=== STORED DATA ===

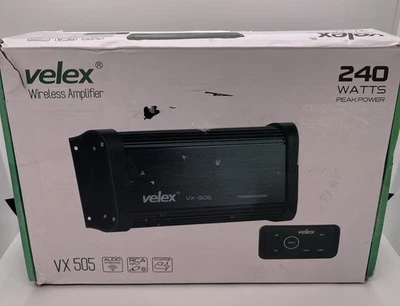 Velex VX-505 Marine Bluetooth Amplifier - 4CH 60W - Waterproof Class D - 240 W - Image 1 of 4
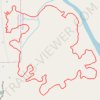Kingston Downs Mountain Bike Trails: KD Man Loop trail, distance, elevation, map, profile, GPS track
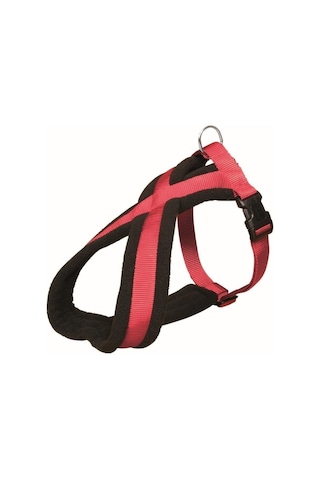 Trixie Premium Köpek Yürüyüş Göğüs Tasması M 45-80 Cm / 25 Mm Kırmızı Açık Gri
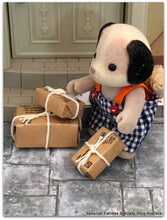 Sylvanian Families beagle miniature 3 parcels wrapped envelopes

===

- [THE TASK]
All of the data above needs to be given again exactly. Leave out each image.

- [ANSWER TO THE EXERCISE]
 Velex VX-505 Marine Bluetooth Amplifier - 4CH 60W - Waterproof Class D - 240 W - Image 1 of 4
Kingston Downs Mountain Bike Trails: KD Man Loop trail, distance, elevation, map, profile, GPS track
 Trixie Premium Köpek Yürüyüş Göğüs Tasması M 45-80 Cm / 25 Mm Kırmızı Açık Gri
 Sylvanian Families beagle miniature 3 parcels wrapped envelopes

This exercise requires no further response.